RECORD EXTRACTS:
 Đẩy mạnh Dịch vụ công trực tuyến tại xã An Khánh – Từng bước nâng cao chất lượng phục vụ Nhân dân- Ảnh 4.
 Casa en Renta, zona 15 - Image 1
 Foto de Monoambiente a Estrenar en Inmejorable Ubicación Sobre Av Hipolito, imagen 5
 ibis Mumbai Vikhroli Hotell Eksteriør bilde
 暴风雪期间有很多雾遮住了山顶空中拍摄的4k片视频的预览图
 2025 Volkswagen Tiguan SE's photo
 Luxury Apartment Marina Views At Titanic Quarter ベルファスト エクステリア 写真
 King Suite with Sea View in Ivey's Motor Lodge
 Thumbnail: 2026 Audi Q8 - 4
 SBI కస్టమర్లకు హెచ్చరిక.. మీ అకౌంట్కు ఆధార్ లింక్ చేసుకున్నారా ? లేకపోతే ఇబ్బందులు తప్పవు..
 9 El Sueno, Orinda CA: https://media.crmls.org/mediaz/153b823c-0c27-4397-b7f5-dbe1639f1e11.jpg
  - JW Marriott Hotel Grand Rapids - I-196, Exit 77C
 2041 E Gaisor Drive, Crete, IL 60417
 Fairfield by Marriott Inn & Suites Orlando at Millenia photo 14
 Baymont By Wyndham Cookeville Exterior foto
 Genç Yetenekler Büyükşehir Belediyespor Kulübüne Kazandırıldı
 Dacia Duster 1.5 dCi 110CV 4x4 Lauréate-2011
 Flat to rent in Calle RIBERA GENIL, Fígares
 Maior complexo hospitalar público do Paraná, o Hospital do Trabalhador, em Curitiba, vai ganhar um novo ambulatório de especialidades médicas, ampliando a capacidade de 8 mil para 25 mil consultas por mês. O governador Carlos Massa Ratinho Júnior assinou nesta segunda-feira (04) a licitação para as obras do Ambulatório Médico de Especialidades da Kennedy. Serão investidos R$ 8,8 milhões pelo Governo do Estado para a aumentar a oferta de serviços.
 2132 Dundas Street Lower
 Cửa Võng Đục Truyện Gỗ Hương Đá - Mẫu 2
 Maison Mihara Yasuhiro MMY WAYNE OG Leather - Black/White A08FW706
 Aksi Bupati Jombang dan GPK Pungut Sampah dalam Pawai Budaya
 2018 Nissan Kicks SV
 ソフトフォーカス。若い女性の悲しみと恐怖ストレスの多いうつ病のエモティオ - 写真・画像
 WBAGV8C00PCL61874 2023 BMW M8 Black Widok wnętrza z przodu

THE TASK:
Output the records in full, keeping them exactly as they are.

OUTPUT FOR THIS TASK:
 Đẩy mạnh Dịch vụ công trực tuyến tại xã An Khánh – Từng bước nâng cao chất lượng phục vụ Nhân dân- Ảnh 4.
 Casa en Renta, zona 15 - Image 1
 Foto de Monoambiente a Estrenar en Inmejorable Ubicación Sobre Av Hipolito, imagen 5
 ibis Mumbai Vikhroli Hotell Eksteriør bilde
 暴风雪期间有很多雾遮住了山顶空中拍摄的4k片视频的预览图
 2025 Volkswagen Tiguan SE's photo
 Luxury Apartment Marina Views At Titanic Quarter ベルファスト エクステリア 写真
 King Suite with Sea View in Ivey's Motor Lodge
 Thumbnail: 2026 Audi Q8 - 4
 SBI కస్టమర్లకు హెచ్చరిక.. మీ అకౌంట్కు ఆధార్ లింక్ చేసుకున్నారా ? లేకపోతే ఇబ్బందులు తప్పవు..
 9 El Sueno, Orinda CA: https://media.crmls.org/mediaz/153b823c-0c27-4397-b7f5-dbe1639f1e11.jpg
  - JW Marriott Hotel Grand Rapids - I-196, Exit 77C
 2041 E Gaisor Drive, Crete, IL 60417
 Fairfield by Marriott Inn & Suites Orlando at Millenia photo 14
 Baymont By Wyndham Cookeville Exterior foto
 Genç Yetenekler Büyükşehir Belediyespor Kulübüne Kazandırıldı
 Dacia Duster 1.5 dCi 110CV 4x4 Lauréate-2011
 Flat to rent in Calle RIBERA GENIL, Fígares
 Maior complexo hospitalar público do Paraná, o Hospital do Trabalhador, em Curitiba, vai ganhar um novo ambulatório de especialidades médicas, ampliando a capacidade de 8 mil para 25 mil consultas por mês. O governador Carlos Massa Ratinho Júnior assinou nesta segunda-feira (04) a licitação para as obras do Ambulatório Médico de Especialidades da Kennedy. Serão investidos R$ 8,8 milhões pelo Governo do Estado para a aumentar a oferta de serviços.
 2132 Dundas Street Lower
 Cửa Võng Đục Truyện Gỗ Hương Đá - Mẫu 2
 Maison Mihara Yasuhiro MMY WAYNE OG Leather - Black/White A08FW706
 Aksi Bupati Jombang dan GPK Pungut Sampah dalam Pawai Budaya
 2018 Nissan Kicks SV
 ソフトフォーカス。若い女性の悲しみと恐怖ストレスの多いうつ病のエモティオ - 写真・画像
 WBAGV8C00PCL61874 2023 BMW M8 Black Widok wnętrza z przodu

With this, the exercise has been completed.